Output only the lines below from the one holding "领事基因测序，如何精准解析个体差异，助力精准医疗？" down to the one holding "Книга La bibliothèque des prédicateurs", both end lines included and every picture dropped.

Data provided →
* * * * * * *

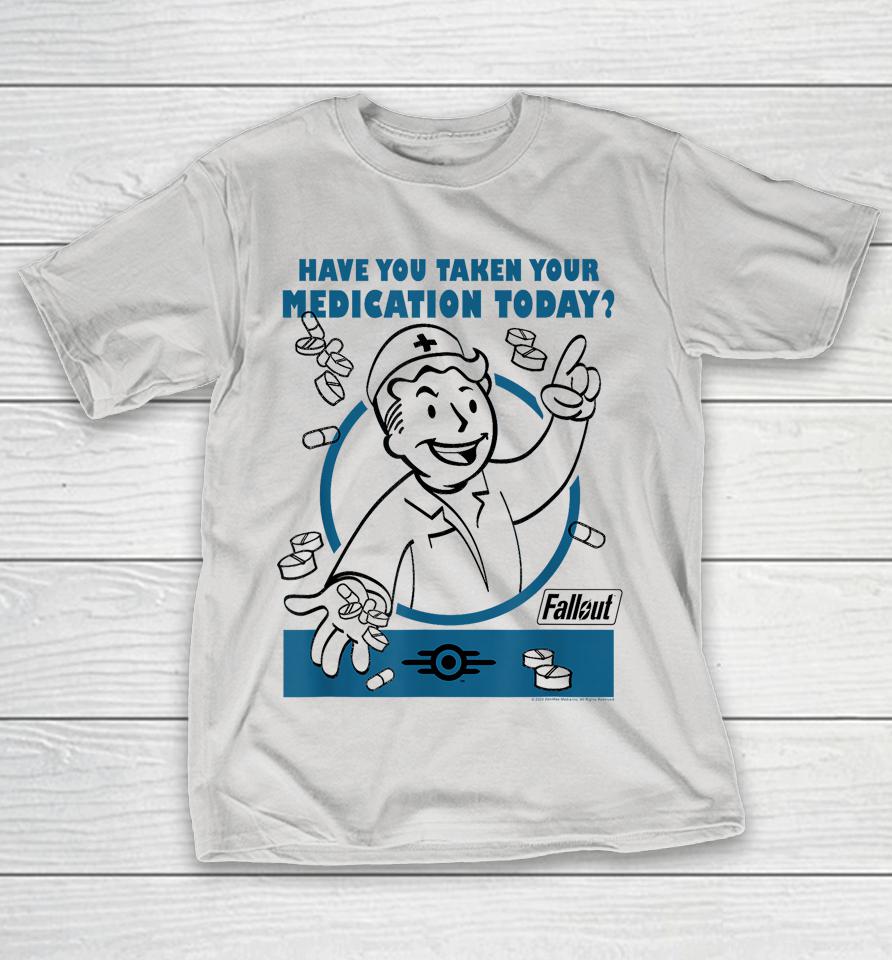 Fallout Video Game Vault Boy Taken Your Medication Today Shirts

* * * * * * *

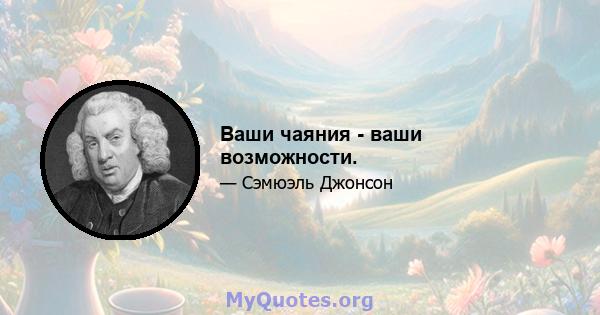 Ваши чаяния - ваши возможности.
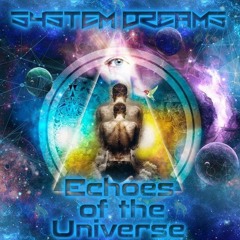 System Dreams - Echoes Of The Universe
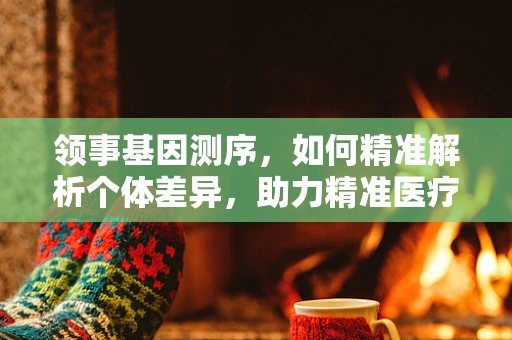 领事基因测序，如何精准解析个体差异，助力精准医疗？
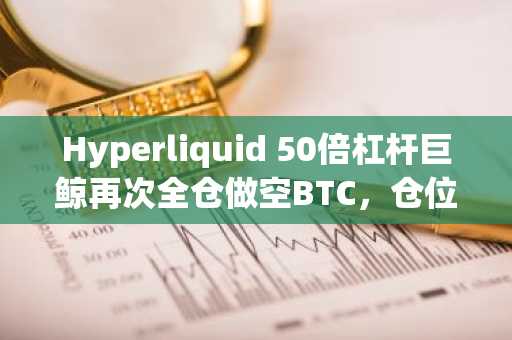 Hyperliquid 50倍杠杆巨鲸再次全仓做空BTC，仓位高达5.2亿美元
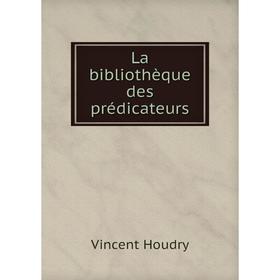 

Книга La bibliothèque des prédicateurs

* * * * * * *

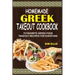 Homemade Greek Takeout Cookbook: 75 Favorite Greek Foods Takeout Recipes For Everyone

* * * * * * *

Answer below →
 领事基因测序，如何精准解析个体差异，助力精准医疗？
 Hyperliquid 50倍杠杆巨鲸再次全仓做空BTC，仓位高达5.2亿美元

Книга La bibliothèque des prédicateurs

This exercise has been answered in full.